## Abstract

Rahmstorf (Reports, 19 January 2007, p. 368) used the observed relation between rates of change of global surface temperature and sea level to predict future sea-level rise. We revisit the application of the statistical methods used and show that estimation of the regression coefficient is not robust. Methods commonly used within econometrics may be more appropriate for the problem of projected sea-level rise.

Rahmstorf (*1*) convincingly argued for the use of semi-empirical models for estimating sea-level response to future warming of the climate system. He hypothesized that the rate of global sea-level change is proportional to the global surface temperature departure from its equilibrium value. This hypothesis was statistically tested on observational data and a correlation coefficient of 0.88 was reported along with an associated *P* value of 1.6 × 10^{–8} and a regression slope of 3.4 mm/year per °C. We argue that this statistical analysis is based on an inappropriate application of statistics, in that the trend in both series is evident, thus violating basic assumptions of the statistical methods used. This could give misleading conclusions about inference (*2*) due to a spurious correlation (*3*) and, as such, casts doubt on the projected range of future sea-level rise.

To illustrate this problem, we reperformed the analysis of Rahmstorf (*1*), with methodological details as follows: As in (*1*), we used annually averaged global mean temperature and sea level. Nonlinear trends of both series were determined as the first reconstructed component in a singular spectrum analysis (SSA) with an embedding dimension of 15 years. Before the SSA analysis, both series were extended forward and backward by linear extrapolation based on the nearest 15 years of data. The nonlinear trend of mean sea level was subsequently differentiated by calculating, at each point, the slope of a ±5-year least squares fit to obtain a “rate of sea level change” series. The correlation coefficient ρ between two time series *x*_{t} and *y*_{t} with deterministic time trends is defined as where *E* denotes expectation value. The correlation coefficient thus measures the degree to which there are coincident departures of the two time series from their respective expectation values. When estimating the correlation coefficient between filtered versions of temperature and rate of sea-level change, Rahmstorf (*1*) substituted the expectation values by the sample average. This assumes stationarity of the series (*4*), which is obviously violated by the two series. As an illustration, when redoing the analysis, we approximated the expectation values of the two series by the more realistic choice of a linear trend. The estimated correlation coefficient then drops to 0.68. In addition, the corresponding regression coefficient increases from 3.3 mm/year per °C to 5.8 mm/year per °C. This nonrobust result underscores that the issue of correct statistical modeling is not an academic one and raises questions about the model put forward in (*1*).

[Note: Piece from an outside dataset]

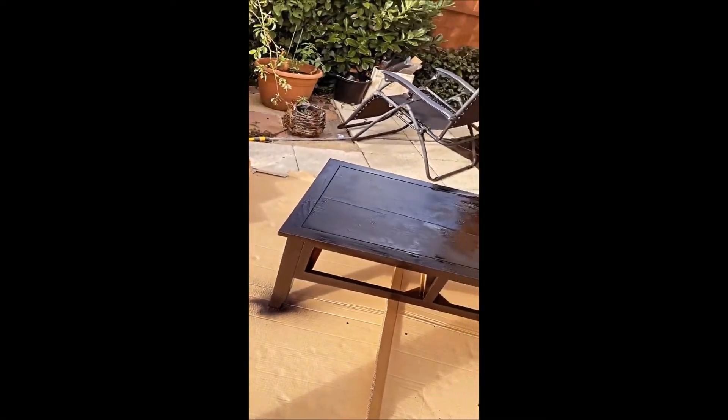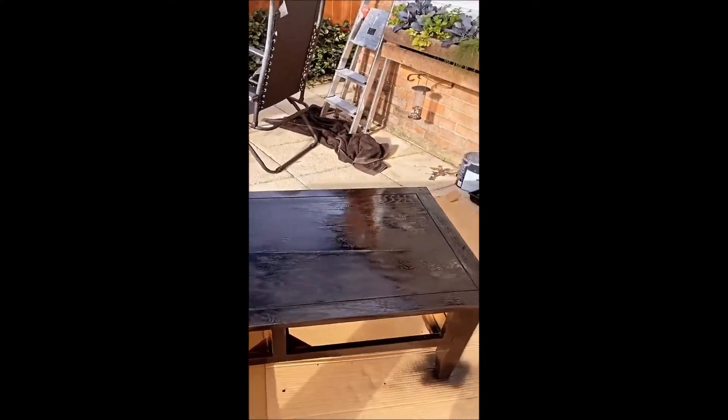Just finished my DIY venture for today — just sprayed this bad boy up. Obviously I'm gonna be lazy and not do the insides because it's got drawers to go there and you ain't never gonna see it anyway. I'm that guy — I cut corners, but I do it right.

Next, there is the point of establishing the significance of the correlation coefficient found, that is, “how likely is it to get the result by pure chance?” Rahmstorf appears to have estimated the *P* value of the correlation coefficient (1.6 × 10^{–8}) using a Student's *t* distribution assuming 24 degrees of freedom. The number of degrees of freedom apparently comes from assuming that the 24 bins of 5-year length are statistically independent. However, both data series were low-pass filtered in (*1*) “by computing nonlinear trend lines, with an embedding period of 15 years.” Because of the autocorrelation introduced by the averaging procedure, neighboring 5-year bins can not be assumed to be statistically independent. A better approximation would be to set the number of degrees of freedom equal to the effective sample size calculated as 120/15 = 8 (*4*). Using our value of 0.68 for the correlation coefficient, we get a corresponding *P* value of 0.97.

Finally, Rahmstorf used a *t* test for making inferences about the correlation coefficient. This is based on the assumption of independent and identically distributed (i.i.d.) data, yet the data analyzed in (*1*) are, due to the trend, not i.i.d. This reservation also applies to the estimated confidence interval and, therefore, the range of projected sea-level changes by the year 2100. A thorough analysis of the problem would include the application of difference stationary time series analysis methods (*5*), for which there is a rich tradition in the field of econometrics. Such analysis may also be helpful to other problems in climate science.